* [Supplied records]
= = =

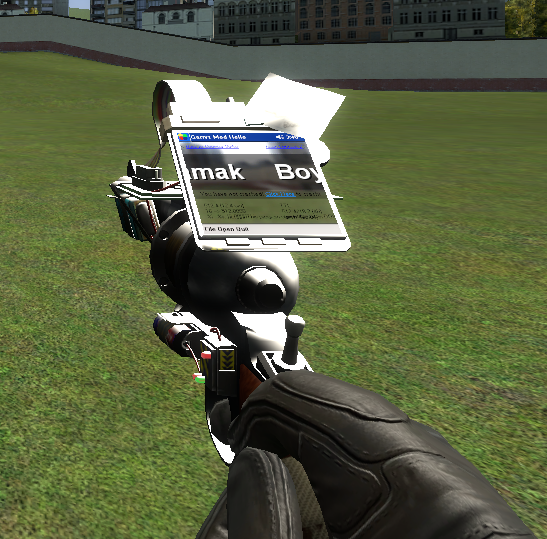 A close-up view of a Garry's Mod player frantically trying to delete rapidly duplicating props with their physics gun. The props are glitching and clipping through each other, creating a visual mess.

= = =

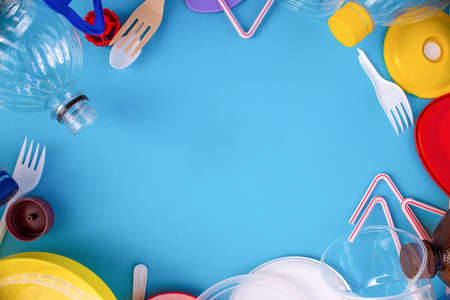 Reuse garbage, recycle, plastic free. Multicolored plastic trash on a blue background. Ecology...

= = =

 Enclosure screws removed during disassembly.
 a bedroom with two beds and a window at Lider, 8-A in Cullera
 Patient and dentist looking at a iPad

= = =

* [Task description] Start with the line above that contains "a bedroom with" and stop after the line that contains "Patient and dentist looking at a iPad". Output those lines exactly, and only those.

* [Task output]
 a bedroom with two beds and a window at Lider, 8-A in Cullera
 Patient and dentist looking at a iPad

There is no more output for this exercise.